On 17th July, the Court of Amsterdam declared the Dutch legal entities VanMoof Global Holding B.V., VanMoof B.V. and VanMoof Global Support B.V. bankrupt, confirming rumours about the Netherlands company that has been a darling of the industry and has attracted a total of €200 million (A$329 million) from venture capitalists over the years.
A statement from VanMoof last week says the appointed trustees are currently setting up a sales process for the company’s assets and activities, to potentially find a party willing to continue the activities of VanMoof.
Established in 2009 by brothers Taco and Ties Carlier, VanMoof released its first bike in 2016. Its futuristic designs and clever marketing grew a large following among urban commuters in cities throughout the world and expanded urban e-bikes’ appeal beyond the usual biking audience.
However, the company’s social media pages also reveal a significant level of customer dissatisfaction with its follow-up service.
Suspicions about VanMoof’s financial position were sparked earlier this month when the district court of Amsterdam granted VanMoof Global Holding B.V. preliminary suspension of payment.
That came after VanMoof had gone back to investors in January to ask for additional funding to continue operations.
According to VanMoof’s statement released last week, associated legal entities outside the Netherlands are not part of the insolvency proceedings.

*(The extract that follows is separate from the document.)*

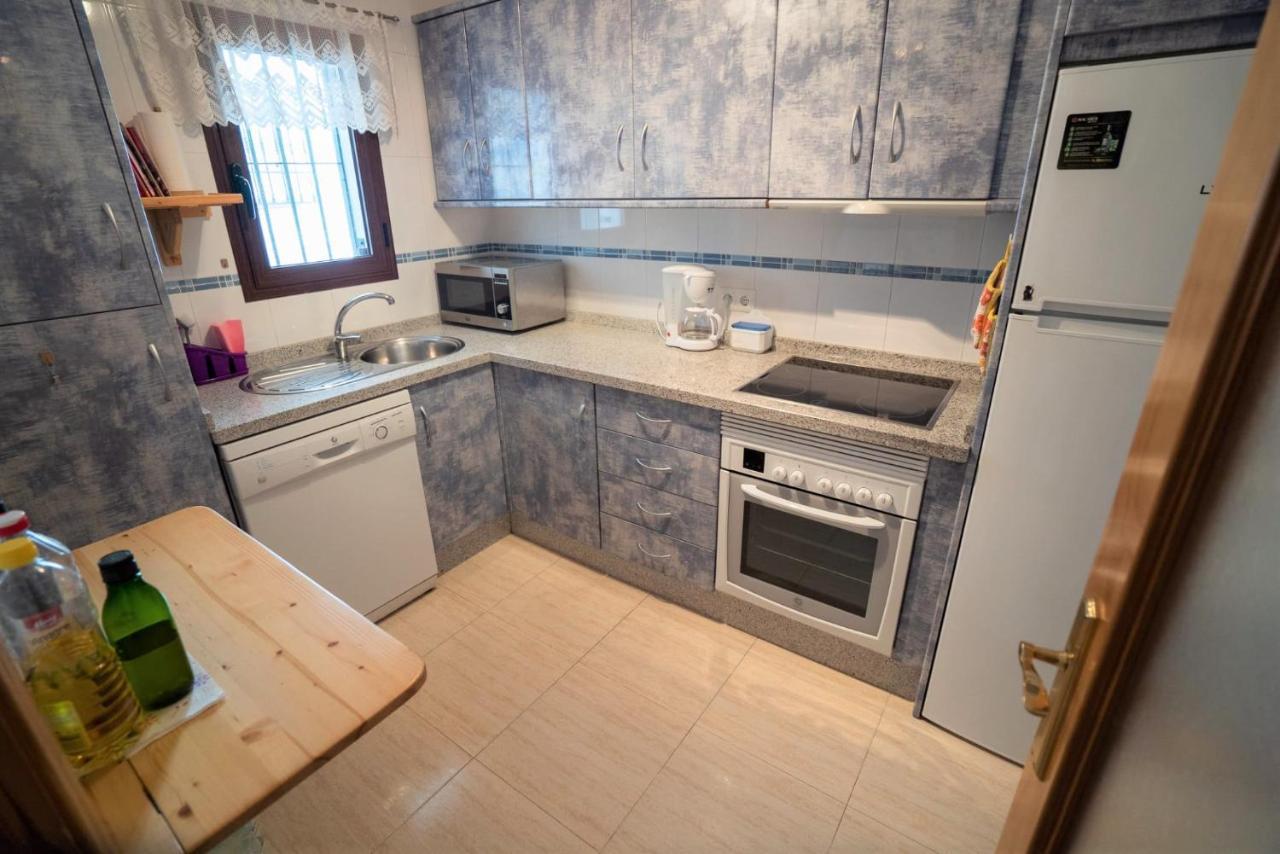 Lovely 2 Bedroom Apartment With Sea View, Фріхіліана Екстер'єр фото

The statement also revealed VanMoof had already stopped selling and shipping individual spare parts to customers earlier this year.
The company has also issued information to assist VanMoof bike owners, including how to manage their bike unlocking codes so they can continue to use their e-bikes.
Cowboy to the Rescue
Soon after the preliminary suspension of payments was granted, rival company Cowboy released a free iOS app which VanMoof users can use to store their digital bicycle key, so they can continue to use their bikes.
“We wanted to get this shipped as quickly as possible because it will work while the VanMoof servers are live and we just don’t know how long that will be,” Cowboy communications director Amy Grimshaw said at the time.
In a move of sector solidarity, to keep e-bike and their riders on the roads, Cowboy engineeres reportedly started to build their ‘Bikey app’ immediately after VanMoof was granted its payment protection.
Bikey was created by reverse engineering the VanMoof app and rebooting it.
Rad Power Pulling Out of Europe
Another shining light of fashionable urban e-bikes, Seattle company Rad Power Bikes, announced last week it is pulling out of the European and UK markets from 2024, to focus on North America “in order to be competitive and successful in the long term”.
“An in-depth business evaluation made it clear that the move was necessary for long-term success,” Rad Power Bikes CEO Phil Molyneux, who was appointed last year, says in an online statement.
“For now and the next several months, it will be business as usual, and we are fully available to you for test rides, questions, and service needs, as well as having ample stock of our award-winning e-bikes available.”
Rad Power has also benefitted from massive input from investors in recent years, raising $329 million (A$488.12 million) in private investment since its launch in 2007.
In 2021 alone, it raised more than $300 million (A$445.37 million) in two investment rounds.
However, the company has reportedly had four rounds of job cuts in the past two years. It scrapped 100 positions in April 2021 and 63 in July 2022, followed by further layoffs in December and April 2023.